_EXERCISE DESCRIPTION_
Using the listing below, print exactly everything from the line with "Paso Robles Furniture" down to the line with "folie 2 von", both included, and nothing more.

>>

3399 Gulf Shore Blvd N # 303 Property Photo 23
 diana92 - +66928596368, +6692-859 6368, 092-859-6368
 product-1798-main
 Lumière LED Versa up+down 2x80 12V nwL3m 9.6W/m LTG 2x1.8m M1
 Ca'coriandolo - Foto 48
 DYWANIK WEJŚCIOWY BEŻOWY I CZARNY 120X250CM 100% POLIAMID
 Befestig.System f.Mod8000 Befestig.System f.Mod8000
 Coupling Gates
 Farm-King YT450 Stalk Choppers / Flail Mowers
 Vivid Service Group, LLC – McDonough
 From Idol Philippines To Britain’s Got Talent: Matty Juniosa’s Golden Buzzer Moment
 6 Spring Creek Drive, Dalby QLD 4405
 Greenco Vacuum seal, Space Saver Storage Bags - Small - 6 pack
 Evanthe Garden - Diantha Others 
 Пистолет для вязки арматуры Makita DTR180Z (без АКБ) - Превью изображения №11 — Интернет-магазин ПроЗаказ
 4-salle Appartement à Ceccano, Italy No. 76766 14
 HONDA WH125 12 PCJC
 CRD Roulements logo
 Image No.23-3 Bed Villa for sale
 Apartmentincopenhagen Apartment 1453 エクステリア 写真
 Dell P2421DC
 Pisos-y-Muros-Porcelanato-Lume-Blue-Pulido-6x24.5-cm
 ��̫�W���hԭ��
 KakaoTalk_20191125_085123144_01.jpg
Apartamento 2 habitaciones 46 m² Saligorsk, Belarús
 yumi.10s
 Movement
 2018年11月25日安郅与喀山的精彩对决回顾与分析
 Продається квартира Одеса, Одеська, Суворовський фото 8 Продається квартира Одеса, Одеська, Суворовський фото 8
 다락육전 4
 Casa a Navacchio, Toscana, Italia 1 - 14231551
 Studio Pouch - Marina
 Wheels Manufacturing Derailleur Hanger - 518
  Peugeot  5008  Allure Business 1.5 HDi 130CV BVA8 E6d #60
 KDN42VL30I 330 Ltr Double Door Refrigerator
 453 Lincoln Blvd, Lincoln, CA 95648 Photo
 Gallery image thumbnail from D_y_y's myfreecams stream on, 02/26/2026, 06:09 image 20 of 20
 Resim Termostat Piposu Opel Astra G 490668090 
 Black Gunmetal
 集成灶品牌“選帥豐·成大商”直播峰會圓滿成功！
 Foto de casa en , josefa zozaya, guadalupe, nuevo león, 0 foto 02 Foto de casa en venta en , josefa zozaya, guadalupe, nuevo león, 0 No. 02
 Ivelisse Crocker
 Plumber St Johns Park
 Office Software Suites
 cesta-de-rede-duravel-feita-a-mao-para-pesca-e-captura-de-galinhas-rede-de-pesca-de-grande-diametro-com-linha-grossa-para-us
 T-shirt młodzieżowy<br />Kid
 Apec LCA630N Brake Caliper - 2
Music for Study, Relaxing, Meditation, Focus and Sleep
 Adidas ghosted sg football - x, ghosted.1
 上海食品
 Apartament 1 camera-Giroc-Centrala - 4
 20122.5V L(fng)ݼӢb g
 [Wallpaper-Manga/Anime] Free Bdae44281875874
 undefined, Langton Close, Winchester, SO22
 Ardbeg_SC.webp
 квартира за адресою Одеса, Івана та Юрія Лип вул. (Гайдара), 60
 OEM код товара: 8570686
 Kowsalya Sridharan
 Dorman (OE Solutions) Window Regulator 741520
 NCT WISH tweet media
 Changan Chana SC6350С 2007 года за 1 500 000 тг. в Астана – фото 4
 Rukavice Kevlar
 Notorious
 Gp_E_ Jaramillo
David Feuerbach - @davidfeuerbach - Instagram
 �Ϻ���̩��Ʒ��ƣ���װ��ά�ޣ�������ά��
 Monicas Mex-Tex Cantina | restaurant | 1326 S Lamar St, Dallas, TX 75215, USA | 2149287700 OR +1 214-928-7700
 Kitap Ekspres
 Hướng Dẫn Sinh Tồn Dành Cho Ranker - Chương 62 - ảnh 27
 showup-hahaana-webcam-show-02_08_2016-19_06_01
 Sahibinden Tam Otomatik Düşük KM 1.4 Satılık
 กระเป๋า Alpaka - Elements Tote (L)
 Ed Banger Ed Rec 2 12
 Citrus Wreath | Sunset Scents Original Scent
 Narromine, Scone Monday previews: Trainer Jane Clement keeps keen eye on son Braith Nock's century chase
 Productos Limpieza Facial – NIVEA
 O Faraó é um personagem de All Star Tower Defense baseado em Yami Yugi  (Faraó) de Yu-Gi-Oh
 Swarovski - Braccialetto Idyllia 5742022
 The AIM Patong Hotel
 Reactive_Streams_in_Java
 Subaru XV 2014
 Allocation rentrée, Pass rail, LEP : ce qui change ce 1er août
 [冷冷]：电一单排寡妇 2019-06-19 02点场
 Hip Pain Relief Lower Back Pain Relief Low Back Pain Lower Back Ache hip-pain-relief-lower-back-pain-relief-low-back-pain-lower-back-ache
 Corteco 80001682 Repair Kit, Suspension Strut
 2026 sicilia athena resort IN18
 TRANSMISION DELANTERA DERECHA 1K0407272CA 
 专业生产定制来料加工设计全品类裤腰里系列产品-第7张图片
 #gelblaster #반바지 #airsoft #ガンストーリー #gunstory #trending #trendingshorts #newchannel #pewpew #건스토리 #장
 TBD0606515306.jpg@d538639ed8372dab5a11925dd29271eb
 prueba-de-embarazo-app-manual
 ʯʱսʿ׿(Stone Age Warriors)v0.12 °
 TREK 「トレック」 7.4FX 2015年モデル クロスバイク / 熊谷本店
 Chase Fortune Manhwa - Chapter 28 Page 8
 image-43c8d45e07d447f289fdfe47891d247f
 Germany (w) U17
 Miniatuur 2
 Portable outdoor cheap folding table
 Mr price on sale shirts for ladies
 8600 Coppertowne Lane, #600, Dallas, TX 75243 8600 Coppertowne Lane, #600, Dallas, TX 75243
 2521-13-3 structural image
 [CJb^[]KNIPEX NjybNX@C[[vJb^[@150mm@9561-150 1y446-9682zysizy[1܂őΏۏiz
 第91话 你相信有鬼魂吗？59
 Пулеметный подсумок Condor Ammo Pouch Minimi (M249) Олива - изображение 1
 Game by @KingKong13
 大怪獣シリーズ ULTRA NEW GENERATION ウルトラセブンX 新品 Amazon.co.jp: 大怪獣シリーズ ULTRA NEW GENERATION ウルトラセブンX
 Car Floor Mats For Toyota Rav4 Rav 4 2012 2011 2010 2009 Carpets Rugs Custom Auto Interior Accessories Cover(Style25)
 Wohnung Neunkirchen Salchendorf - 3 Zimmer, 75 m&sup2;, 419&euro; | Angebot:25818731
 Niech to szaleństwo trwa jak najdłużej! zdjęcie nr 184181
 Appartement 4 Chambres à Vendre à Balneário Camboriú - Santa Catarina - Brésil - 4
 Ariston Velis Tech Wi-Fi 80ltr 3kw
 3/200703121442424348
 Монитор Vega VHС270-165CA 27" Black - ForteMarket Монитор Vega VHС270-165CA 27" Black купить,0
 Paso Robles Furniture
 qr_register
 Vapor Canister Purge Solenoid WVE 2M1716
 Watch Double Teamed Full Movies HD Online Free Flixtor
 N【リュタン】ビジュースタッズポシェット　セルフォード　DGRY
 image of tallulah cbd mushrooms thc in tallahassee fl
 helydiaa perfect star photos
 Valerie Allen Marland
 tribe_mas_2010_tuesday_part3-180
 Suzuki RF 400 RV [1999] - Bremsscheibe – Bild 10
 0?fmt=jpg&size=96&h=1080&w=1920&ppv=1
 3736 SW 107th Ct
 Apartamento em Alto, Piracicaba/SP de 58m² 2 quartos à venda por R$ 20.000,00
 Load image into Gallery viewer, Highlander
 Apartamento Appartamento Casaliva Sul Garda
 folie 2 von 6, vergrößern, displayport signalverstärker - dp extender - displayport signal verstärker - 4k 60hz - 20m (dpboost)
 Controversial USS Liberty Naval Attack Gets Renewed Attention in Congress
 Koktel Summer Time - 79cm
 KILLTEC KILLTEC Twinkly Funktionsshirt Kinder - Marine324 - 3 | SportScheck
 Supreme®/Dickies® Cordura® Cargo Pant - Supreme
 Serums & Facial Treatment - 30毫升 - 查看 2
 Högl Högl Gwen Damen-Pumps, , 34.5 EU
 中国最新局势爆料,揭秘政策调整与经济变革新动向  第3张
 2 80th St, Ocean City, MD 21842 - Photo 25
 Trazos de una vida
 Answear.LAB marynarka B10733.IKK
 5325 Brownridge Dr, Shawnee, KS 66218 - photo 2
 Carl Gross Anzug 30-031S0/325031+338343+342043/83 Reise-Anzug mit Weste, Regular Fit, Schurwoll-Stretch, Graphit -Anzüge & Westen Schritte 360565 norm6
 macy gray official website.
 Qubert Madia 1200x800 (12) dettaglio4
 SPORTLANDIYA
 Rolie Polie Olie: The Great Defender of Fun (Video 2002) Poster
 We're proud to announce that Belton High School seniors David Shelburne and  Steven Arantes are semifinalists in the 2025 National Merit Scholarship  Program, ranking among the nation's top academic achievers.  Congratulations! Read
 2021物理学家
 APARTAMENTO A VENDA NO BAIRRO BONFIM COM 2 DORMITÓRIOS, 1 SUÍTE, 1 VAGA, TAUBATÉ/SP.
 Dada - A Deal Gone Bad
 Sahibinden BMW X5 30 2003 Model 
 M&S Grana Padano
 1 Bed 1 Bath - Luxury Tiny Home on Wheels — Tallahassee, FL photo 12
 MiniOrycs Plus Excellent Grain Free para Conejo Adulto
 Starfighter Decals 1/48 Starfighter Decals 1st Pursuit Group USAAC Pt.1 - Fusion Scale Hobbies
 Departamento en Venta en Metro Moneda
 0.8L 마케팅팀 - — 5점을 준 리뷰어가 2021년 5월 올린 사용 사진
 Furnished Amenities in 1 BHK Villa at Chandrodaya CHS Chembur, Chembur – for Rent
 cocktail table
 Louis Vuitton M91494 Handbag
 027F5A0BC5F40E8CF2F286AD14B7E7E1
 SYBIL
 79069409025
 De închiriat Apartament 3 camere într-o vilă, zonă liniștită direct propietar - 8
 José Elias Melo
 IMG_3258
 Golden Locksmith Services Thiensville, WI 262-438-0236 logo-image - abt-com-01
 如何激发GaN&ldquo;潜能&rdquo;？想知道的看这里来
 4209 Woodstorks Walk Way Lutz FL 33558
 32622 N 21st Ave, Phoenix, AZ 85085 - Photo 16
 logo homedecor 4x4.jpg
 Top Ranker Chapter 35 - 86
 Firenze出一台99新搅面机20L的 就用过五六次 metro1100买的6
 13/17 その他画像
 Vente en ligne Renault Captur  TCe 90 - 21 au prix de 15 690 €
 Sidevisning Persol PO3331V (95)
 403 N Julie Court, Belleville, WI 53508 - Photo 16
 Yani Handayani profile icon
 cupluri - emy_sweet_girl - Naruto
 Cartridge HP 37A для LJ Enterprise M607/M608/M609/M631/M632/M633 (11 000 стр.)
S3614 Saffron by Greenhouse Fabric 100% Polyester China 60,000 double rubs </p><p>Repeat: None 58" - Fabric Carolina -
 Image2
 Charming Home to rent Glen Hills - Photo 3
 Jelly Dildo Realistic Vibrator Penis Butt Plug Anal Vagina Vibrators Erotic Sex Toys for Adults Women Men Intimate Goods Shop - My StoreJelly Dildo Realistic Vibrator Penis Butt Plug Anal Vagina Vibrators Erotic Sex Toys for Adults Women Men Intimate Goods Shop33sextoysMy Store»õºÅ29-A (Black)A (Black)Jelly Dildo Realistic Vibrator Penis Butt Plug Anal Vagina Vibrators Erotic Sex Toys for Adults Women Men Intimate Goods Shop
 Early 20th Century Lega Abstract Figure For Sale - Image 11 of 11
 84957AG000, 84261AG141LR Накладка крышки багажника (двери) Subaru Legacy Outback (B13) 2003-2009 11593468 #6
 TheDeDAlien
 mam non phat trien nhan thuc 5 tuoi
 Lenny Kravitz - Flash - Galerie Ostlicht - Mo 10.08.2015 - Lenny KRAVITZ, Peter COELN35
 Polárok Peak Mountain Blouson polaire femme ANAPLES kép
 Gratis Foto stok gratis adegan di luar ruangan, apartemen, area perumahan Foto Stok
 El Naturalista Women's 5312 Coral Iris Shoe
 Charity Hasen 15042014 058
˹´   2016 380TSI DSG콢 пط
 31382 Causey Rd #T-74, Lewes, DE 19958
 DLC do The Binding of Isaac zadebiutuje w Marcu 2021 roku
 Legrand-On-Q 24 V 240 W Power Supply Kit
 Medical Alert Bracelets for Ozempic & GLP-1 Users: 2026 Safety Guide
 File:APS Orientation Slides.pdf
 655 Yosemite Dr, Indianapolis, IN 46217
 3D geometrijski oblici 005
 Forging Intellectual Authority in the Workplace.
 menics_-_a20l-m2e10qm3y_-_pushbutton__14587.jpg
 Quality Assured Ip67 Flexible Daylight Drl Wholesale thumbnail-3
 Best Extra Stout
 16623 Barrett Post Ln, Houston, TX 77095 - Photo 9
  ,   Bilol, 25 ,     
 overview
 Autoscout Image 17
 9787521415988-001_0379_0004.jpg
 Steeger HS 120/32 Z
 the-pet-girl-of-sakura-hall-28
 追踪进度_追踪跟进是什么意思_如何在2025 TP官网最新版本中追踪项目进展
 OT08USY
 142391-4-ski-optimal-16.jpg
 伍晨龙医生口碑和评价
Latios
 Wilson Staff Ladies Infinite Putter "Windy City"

<<

_SOLUTION BELOW_
 Paso Robles Furniture
 qr_register
 Vapor Canister Purge Solenoid WVE 2M1716
 Watch Double Teamed Full Movies HD Online Free Flixtor
 N【リュタン】ビジュースタッズポシェット　セルフォード　DGRY
 image of tallulah cbd mushrooms thc in tallahassee fl
 helydiaa perfect star photos
 Valerie Allen Marland
 tribe_mas_2010_tuesday_part3-180
 Suzuki RF 400 RV [1999] - Bremsscheibe – Bild 10
 0?fmt=jpg&size=96&h=1080&w=1920&ppv=1
 3736 SW 107th Ct
 Apartamento em Alto, Piracicaba/SP de 58m² 2 quartos à venda por R$ 20.000,00
 Load image into Gallery viewer, Highlander
 Apartamento Appartamento Casaliva Sul Garda
 folie 2 von 6, vergrößern, displayport signalverstärker - dp extender - displayport signal verstärker - 4k 60hz - 20m (dpboost)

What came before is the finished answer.